From Washington: In a development with implications stretching well beyond Silicon Valley, Meta has begun testing an artificial intelligence shopping assistant inside its Meta AI platform, pitching itself into one of the most commercially loaded contests in the tech industry today.
The feature, which Bloomberg first reported on Tuesday, is currently visible only to a select group of US-based users accessing Meta AI through a desktop browser. Those with access see a "Shopping research" button inside the query text box. When they enter a product-related request, the assistant generates a carousel of product cards showing images, prices, brand information, and links to the relevant e-commerce site, according to Engadget. The chatbot also provides a brief explanation for each recommendation.
Where it can access profile data, including a user's gender and location, Bloomberg reports the tool tailors results accordingly, surfacing, for example, women's puffer jackets from stores that ship to New York based on a tester's profile. Users cannot complete a purchase inside Meta AI itself; they are directed to external merchant sites to check out. A Meta spokesperson confirmed the test is underway but declined to provide a timeline for any broader rollout.
The move is hardly unexpected. Mark Zuckerberg told investors during a January earnings call that Meta's new agentic shopping tools would help people "find just the right, very specific set of products" from businesses in Meta's catalogue. The speed of execution is striking, though: industry observers noted that just 33 days passed between that earnings call and the appearance of a live, testable feature.

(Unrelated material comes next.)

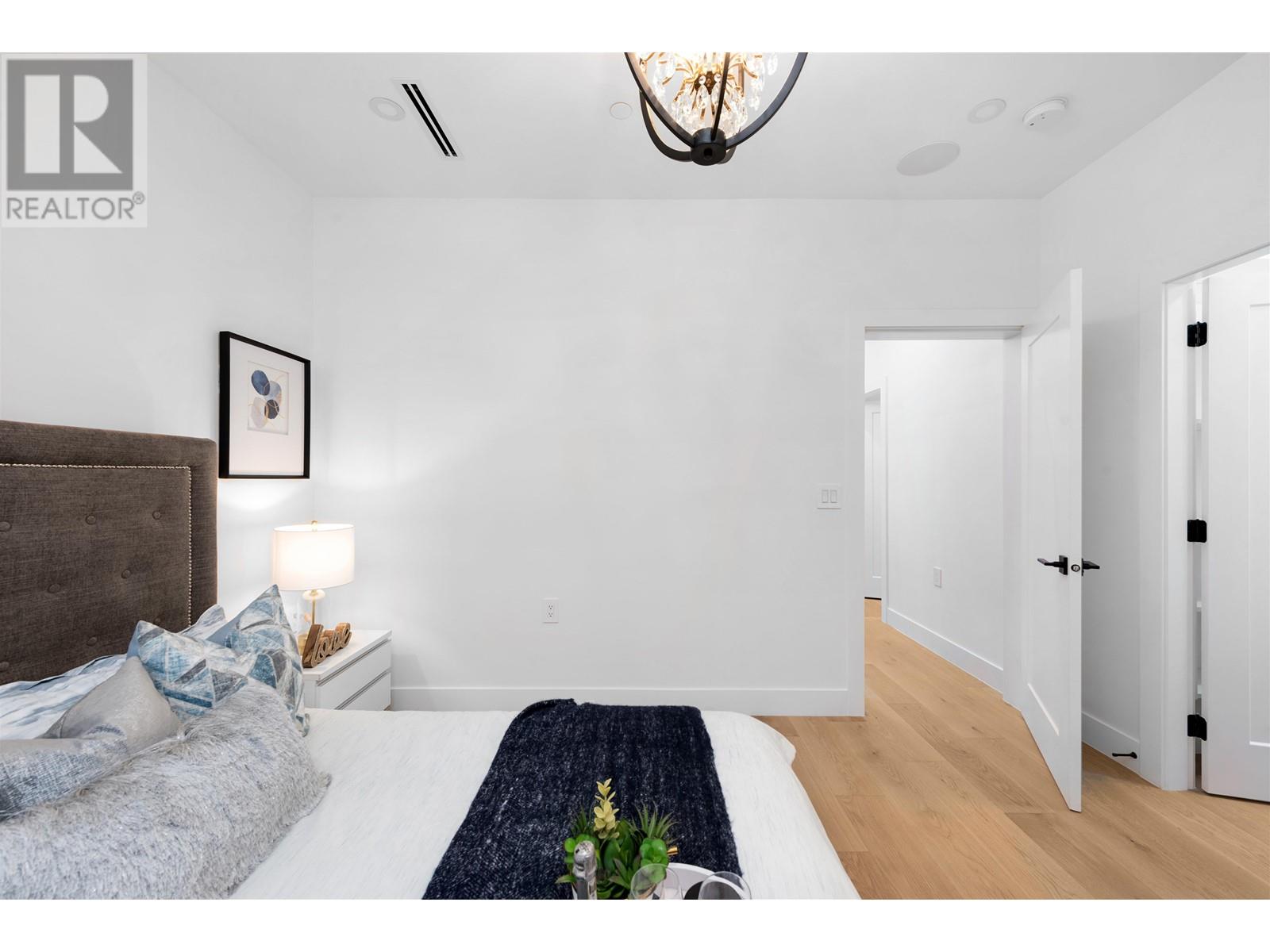 Listing Picture 16 of 40 : 1 1166 E 11TH AVENUE, Vancouver / 溫哥華 - 魯藝地產 Yvonne Lu Group - MLS Medallion Club Member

Meta's competitors have not been idle. OpenAI launched a dedicated shopping research feature for ChatGPT in late November 2025, timed to coincide with Black Friday. Google followed with its own shopping tools for Gemini around the same time, and Perplexity released a comparable assistant concurrently. ChatGPT and Gemini have since gone further, building retailer integrations with major chains, while OpenAI is developing an in-chat checkout capability through its Instant Checkout programme. Meta has not confirmed whether it plans to enable in-chat purchases or whether it collects commissions on merchant referral clicks.
The commercial stakes are considerable. The global AI shopping assistant market is projected to grow from US$4.26 billion in 2025 to US$36.38 billion by 2034, a compound annual growth rate of around 26.8 per cent, according to industry analysis cited by AInvest. McKinsey forecasts that agentic commerce could drive between US$900 billion and US$1 trillion in US retail revenue alone by 2030. For Australian exporters and retailers with a US presence, the question of which AI platform becomes the default product discovery layer carries real commercial weight.

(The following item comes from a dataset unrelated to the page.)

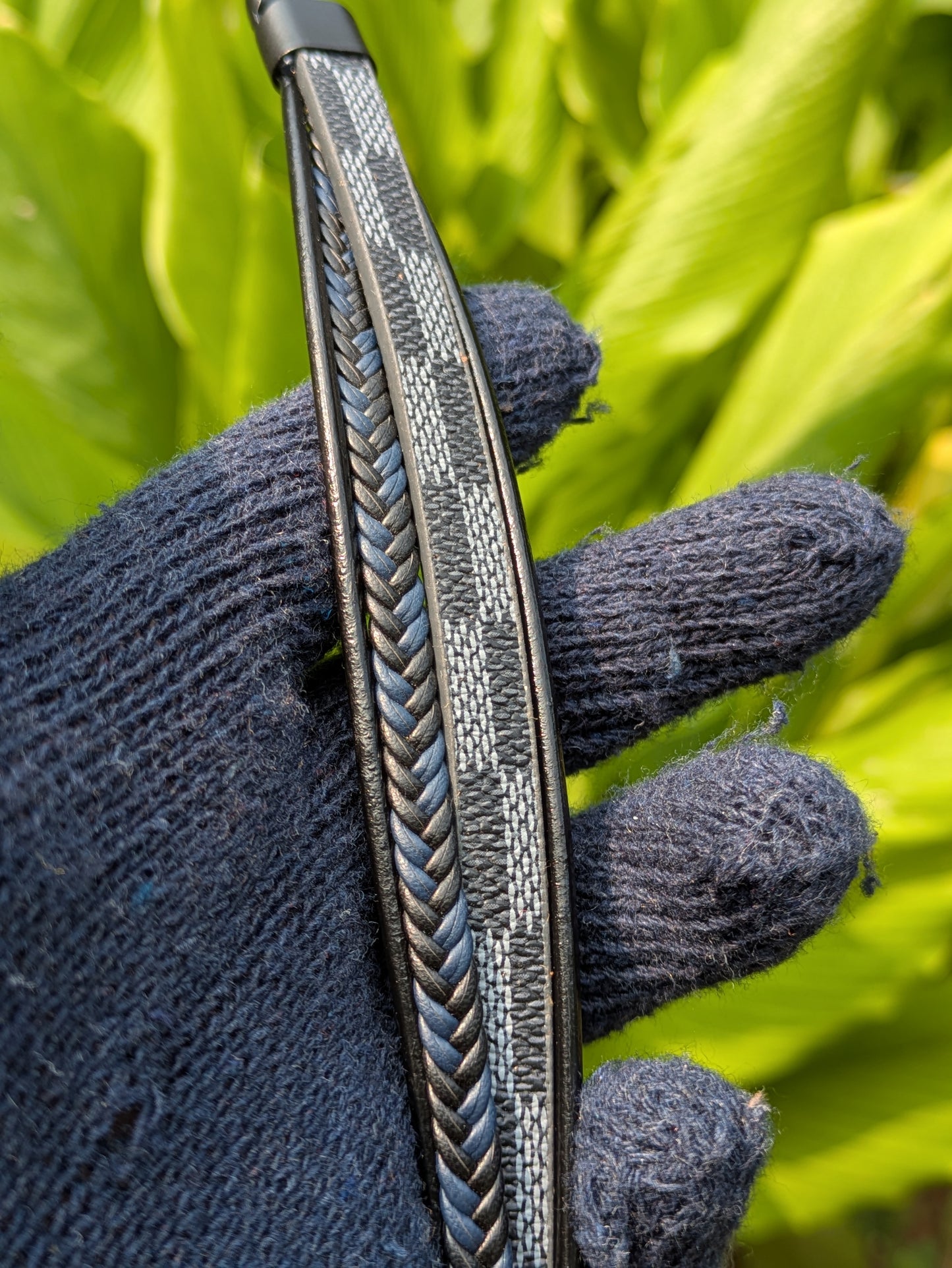 Gents Leather Bracelet With Magnetic Buckles Free Size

There are legitimate questions here that go beyond commercial competition. Meta's proposition rests on the richness of its user data, spanning behavioural signals, social connections, and demographic information across Facebook, Instagram, and WhatsApp. That depth gives it a potential personalisation advantage over rivals, but it also concentrates enormous influence over product discovery inside a single corporate ecosystem. Privacy advocates and consumer groups in Australia and elsewhere have long raised concerns about how Meta handles personal data; an AI that actively leverages that data to steer purchasing decisions will almost certainly intensify that scrutiny.

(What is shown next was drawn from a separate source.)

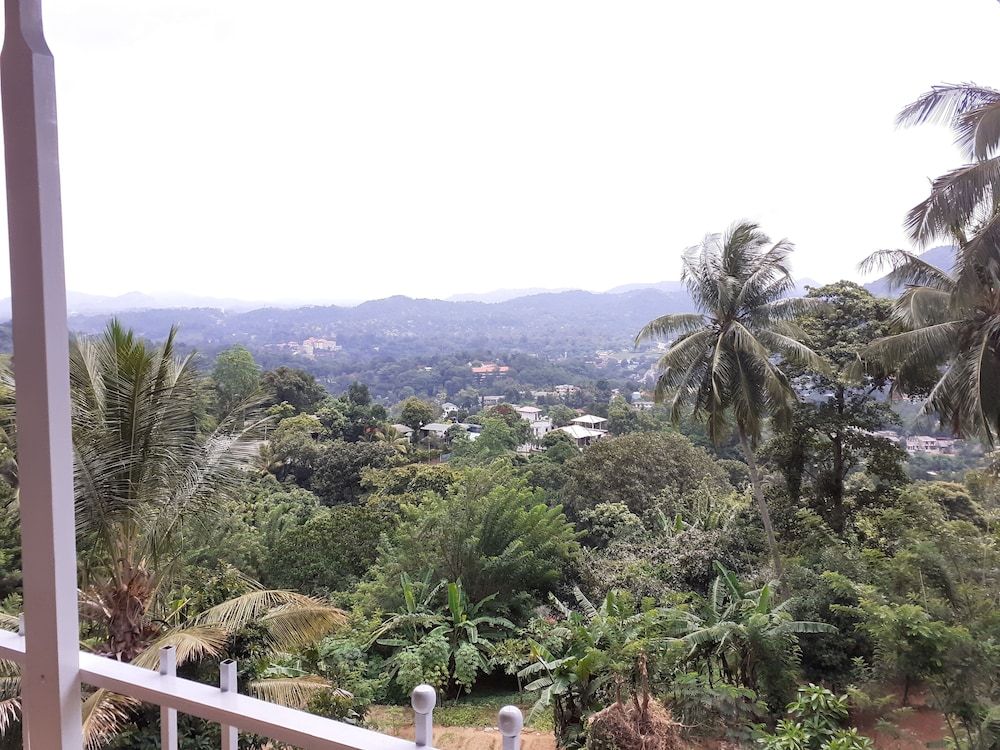 The Change Hotel Standard Double Room with Balcony 21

Proponents of the technology argue the benefits are real. Consumers face genuinely overwhelming choice online, and a well-designed AI assistant that surfaces relevant products quickly, explains its reasoning, and links directly to reputable merchants offers tangible convenience. PYMNTS Intelligence data suggests that more than 60 per cent of Americans used AI for some purpose in the past year, and that as of January 2026, around 41 per cent of consumers had used dedicated AI platforms specifically for product discovery.
The honest assessment is that AI-powered shopping sits at the intersection of competing legitimate interests. The efficiency gains for consumers are real. The concentration risks, for retailers who depend on algorithmic visibility, for regulators overseeing market competition, and for users whose data is doing the commercial heavy lifting, are equally real. Meta has not confirmed how it plans to monetise the feature, a question that matters enormously for how the tool is designed and whose interests it ultimately serves. Reasonable scepticism about a product still in limited testing is warranted, but so is recognition that this technology is arriving regardless of who builds it first. The more pressing question for policymakers, including Australian regulators who oversee how global platforms operate domestically, is what transparency and accountability standards should apply before these tools reach mass deployment.